Cook: I know that you mentioned in your panel discussion earlier that you were looking at Japan, for example, and how really the valuations are undemanding there. Can you expand on that a little for me?
Stattman: Of course, so many investors have given up on Japan, and indeed Japan as a country and as an economy has its problems. But at the same time, Japan's been through a 20-year-long bear market, and a 20-year bear market will cure lot of excesses.
Today, Japanese stocks are the cheapest relative to their own history and cross-sectionally relative to other regions and countries that we've ever seen. There are many high-quality companies in Japan, and let's keep in mind that the competition from fixed-income yields in Japan is very weak. Yields are very low.
Cook: So on the flipside of that, where perhaps are you more wary? What, for example, keeps you up at night?
Stattman: There are things we're wary of and there's something that keeps me awake sometimes at night. What we're wary of is long-term sovereign bonds, particularly in the U.S., where we think the yields that are being offered are simply not commensurate with the risks of higher inflation and higher interest rates.
The U.S. has a cyclical budget deficit problem, and it comes in front of a big problem secularly with a tidal wave of entitlement spending for Social Security, Medicare, and Medicaid that is no longer decades into the future, but rather is at hand. So we don't think at 3% or less 10-year Treasuries investors are being compensated for that.
Now what keeps me up at night and very, very few times in my career have investments kept me awake at night, but the question that I keep fretting about is what represents a truly safe asset today. It used to be that something like for a dollar-based investor, a Treasury bill would be a safe asset. But because the Fed has tripled the size of its balance sheet in a short period of time and made the outlook for future monetary policy and the number of dollars in circulation very, very hard to predict, it's hard to understand what sort of role the dollar will play as a store of value. And if we can't count on the dollar as a store of value, then for safety in real terms, we have to look at real assets. The problem with trying to use real assets as safe assets is their prices are volatile. So in order to get real safety, one has to take on nominal price volatility. Looking for what is safe and understanding it today is a question that does keep me up at night.
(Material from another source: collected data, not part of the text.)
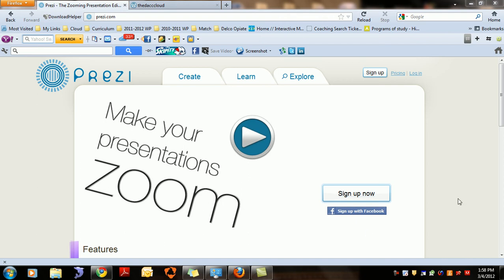This is Josh Galligan back again for part two of creating a cloud classroom at DACC. The second project we're going to work on is how to make your presentation zoom using Prezi. Prezi is spelled P-R-E-Z-I dot com — that's the website you need to go to. Prezi is not software you download, although there is a purchasable desktop version; the free version is available online.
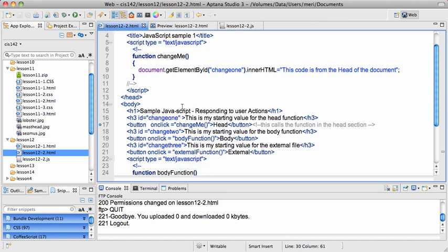We have change1, change2, and change3. This will change1, and it will tell you the code is from the head of the document.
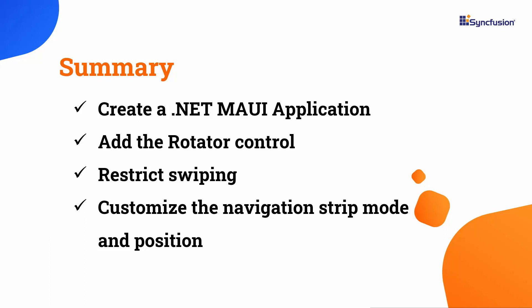And customize the navigation strip mode and position. Additionally, I showed how to customize thumbnails, display the header text, enable Autoplay, adjust the navigation delay duration, stop looping, and show navigation buttons.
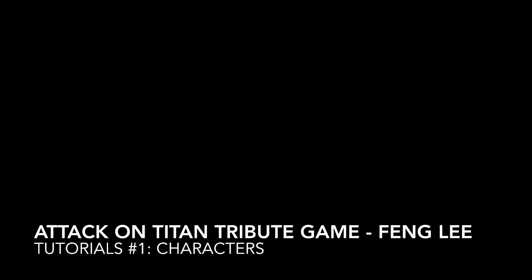Alright, hello everybody and welcome to the Attack on Titan Tribute Game Tutorials. If you don't know what Attack on Titan Tribute Game is, it's an online game powered by Unity Web Player by a Chinese man called Feng Lei. It's an absolutely awesome game based on the anime Attack on Titan, and also the manga. But I think it's more based on the anime.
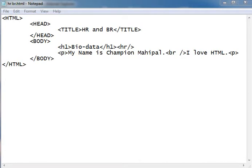Hello friends, I am Champion Mahipal. Today we are going to learn about HR and BR tag in HTML.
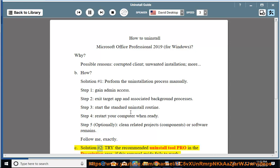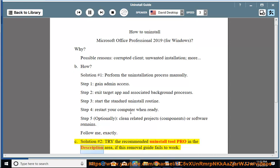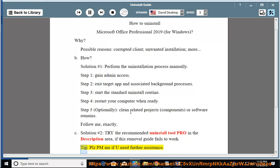See solution number 2: try the recommended uninstall tool pro in the description area if this removal guide fails to work. Tip: please PM me if you need further assistance.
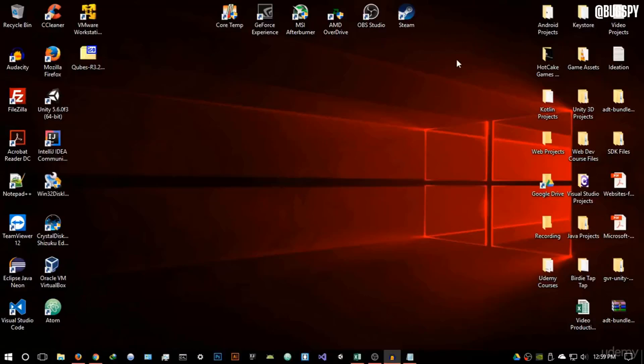Welcome to the third video in this section. In this video we're going to be looking at Qubes OS and why it is probably the best option in terms of operating systems when browsing the deep web. This is hands down the best operating system you can use when browsing the deep web.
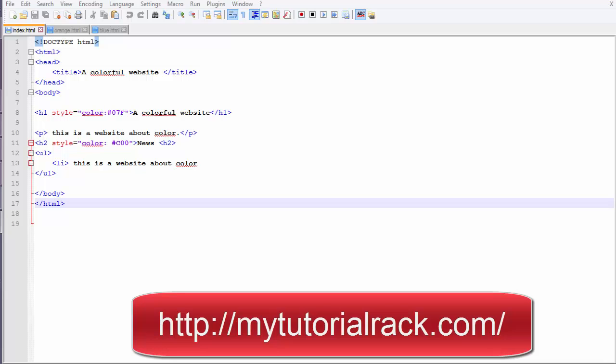Hello guys, this is Deepika from mytutorialrack.com. In this tutorial we will see what happens when we edit existing files. So far we have only added new files. In the last tutorial we added two files and committed those changes. Now we will see if we just edit these files instead of adding new ones, how we go ahead and do the commit and how we add them to tracking, since they are already tracked — how is it different?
Cook: So the risk environment has actually fundamentally changed then?
Stattman: I think it really has, because when one loses one's home currency as a reliable store of value and a reliable safe haven over the long term, that greatly complicates an investor's problem.
Cook: Well, Dennis, thank you very much for joining me today.
Stattman: It's been a pleasure. Thank you.
Cook: For Morningstar, I'm Holly Cook. Thanks for watching.